An ombre veil is more than just a way to bring several colors together. The ombre brings something to your dance over and above what can be achieved with a solid color veil, or a mottled, tie dyed, or randomly blotchy veil.
A 2.5 minute video is worth a thousand pictures; my dance partner Tedi provided me with several hours of barrel turns holding various veils so you can see what I’m talking about. (As an aside, don’t you hate instructional/informative type videos where the narrator starts out with that ear-piercing “Hi everyone!” and then proceeds to ramble in front of the camera for waaayyyy too long? You click one minute forward into the video and they are still rambling uselessly, so you click two minutes in, three, four. Finally you get to the 15 seconds of useful information in the five minute video? I hate that. I promise to never waste your time like that. The video that youtube tries to make you watch after this one will probably be one of those.)

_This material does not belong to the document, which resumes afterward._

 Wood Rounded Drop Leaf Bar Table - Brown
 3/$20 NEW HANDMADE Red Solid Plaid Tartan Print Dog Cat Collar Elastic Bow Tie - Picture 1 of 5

In a nutshell, the ombre itself brings dimensionality to the veil. It distinguishes the two edges of the veil in 3 dimensional space, so that what you are doing shows up better. The effect is particularly striking on a big stage. This 3 dimensionality shows up whether the edges are contrasting colors as in the video, or whether the ombre is more subtle. For this reason, when customers ask me for a solid veil, I will usually suggest a subtle lighter to darker gradient of their desired color. It just provides depth to veil in motion; even a subtle difference brings dimensionality to the veil in motion.
An alternative strategy to highlighting movement is with a lengthwise gradient in which the colors transition across the 3 yard dimension of the veil. These aren’t as popular, and for a long time I thought they were inherently inferior. I recently made one by error and was quite surprised. Here is a side by side comparison. I found the way it highlighted movement different and delightful from the usual ombre.
And finally ombres provide options in terms of the direction of the gradient that we hold. Depending on the the colors of your ombre, your costuming, and the lighting, you might decide one direction lends itself more to what you are trying to create with your dance. You can also change the edge you are holding during a dance and play up that contrast.
What about painted designs? I try to do them on a gradient background if possible, for just all these reasons.